▶

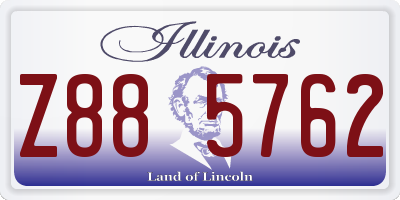 IL license plate Z885762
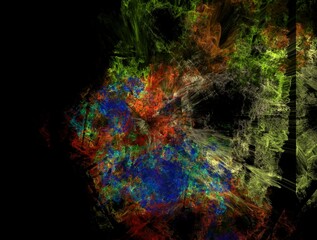 Imaginatory fractal background abstract Image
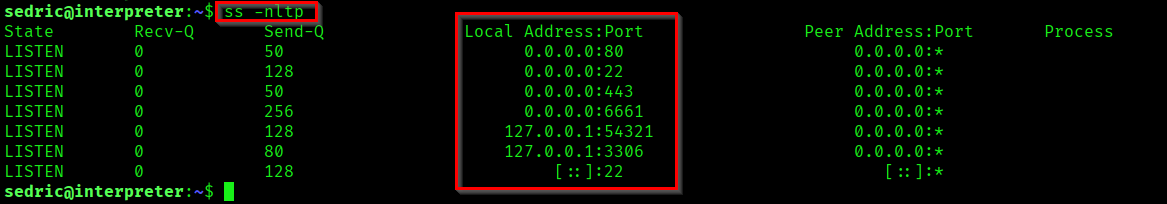 Services running in localhost
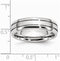 Men's Brushed Cobalt Chrome 6mm Grooved Comfort-Fit Wedding Band Size 12.5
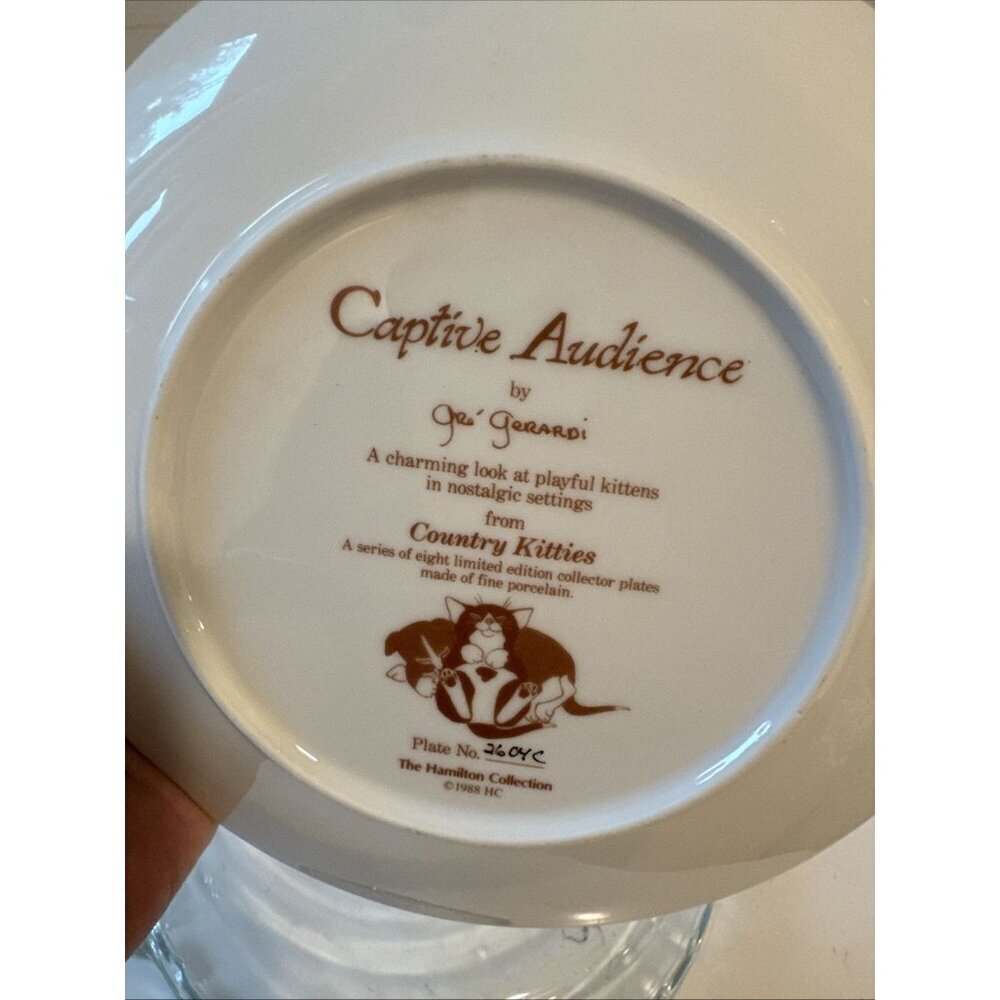 Country Kitties By Gre Gerardi Captive Audience Collectors Plate - Picture 12 of 15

◀

Your assignment |
Start with the line that holds "Imaginatory fractal background" and retype each line through the last one in the data, exactly and without pictures.

Exercise solution |
 Imaginatory fractal background abstract Image
 Services running in localhost
 Men's Brushed Cobalt Chrome 6mm Grooved Comfort-Fit Wedding Band Size 12.5
 Country Kitties By Gre Gerardi Captive Audience Collectors Plate - Picture 12 of 15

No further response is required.